Patientenumfrage u.a. zur elektronischen Patientenakte im Vorfeld der ePA-Einführung am 1. Juli 2021

[datensicherheit.de, 19.06.2021] Die stufenweise Einführung der sogenannten elektronischen Patientenakte (ePA) nimmt offensichtlich Fahrt auf: Vom 1. Juli 2021 an müssen demnach offiziell 200.000 Ärzte, Zahnärzte, Apotheker und Krankenhäuser an die ePA angebunden sein. Zwar werde es in einigen Arztpraxen wohl zu Verzögerungen wegen der verlangsamten Ausgabe der „elektronischen Heilberufsausweise“ (eHBA) kommen, doch dies scheine nicht die einzige Hürde bei der flächendeckenden ePA-Einführung zu sein.
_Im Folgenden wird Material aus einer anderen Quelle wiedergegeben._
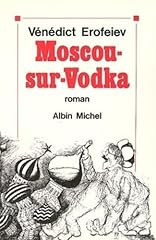 Moscou sur vodka usato  Spedito ovunque in Italia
Laut einer aktuellen Meldung von Socialwave stehen nämlich deutsche Versicherungsnehmer „weiterhin der Sicherheit ihrer Patientendaten skeptisch gegenüber“ – 61,4 Prozent hätten sogar Sorge, zum Gläsernen Patienten zu werden. Das zeigten die Ergebnisse der bevölkerungsrepräsentativen Umfrage „Datapuls 2021“.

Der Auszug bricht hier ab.